И Богатенков проникался глубоким уважением к выходцу из станицы Есауловской Степану Морозову, ставшему - епископом кавказским Силуаном. Или казаку из той же станицы Козьме Смирнову, бывшему военному, известному как - черниговский епископ Конон.
Будучи близ кормила власти, Богатенков в разъездах защищает неустанно перед епископами да благочинными просьбы и интересы простого люда, вплоть до обездоленных землепашцев. Порицает чванливых торговцев и банкиров-ростовщиков, титулованную знать, в особняках жирующих, и забывших в алчной погоне за златом о смертной жизни и спасении души своей.

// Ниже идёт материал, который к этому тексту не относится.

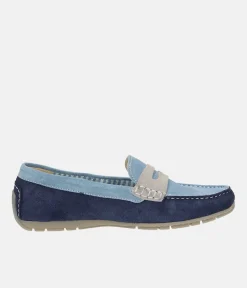 Sioux Pretty Blue/Navy Driving Moccasins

Намаявшись за день, возвращается поздно вечером в жилье своё в Николоямском тупике, и с книгой в руках отдыхает, наслаждается за чтением.
И только ночами глухими, при мерцании свечи переносится в давно покинутый мир безоблачного детства на Волге.
А там, в родной Дубовке, при огоньке лампадки у старинной иконки, не смыкала глаз его мать- старушка. Охала, отбивала поклоны и все удивлялась, как сынок её, Алеша-тихоня, возвысился до такого высокого сана духовного.
И сотворяла горячие молитвы Богу, и бежала слеза по морщинистой щеке. А за окном, как в далеком детстве, звонко кричали петухи, падал теплый дождь на притихшие сады, терпко пахло землей и цветами.
Наступил новый, такой неведомый век.
1900 год принес миру светлые надежды. Но... и новые удары по выносливому старообрядчеству, укреплению которого отдавал недюжинные силы архиепископ Иоанн и его сподвижники. Богатенков в душе предполагал, что это может сделать крупной мишенью его близкого наставника. Однако он, да и другие, был сильно потрясен нелепой вестью!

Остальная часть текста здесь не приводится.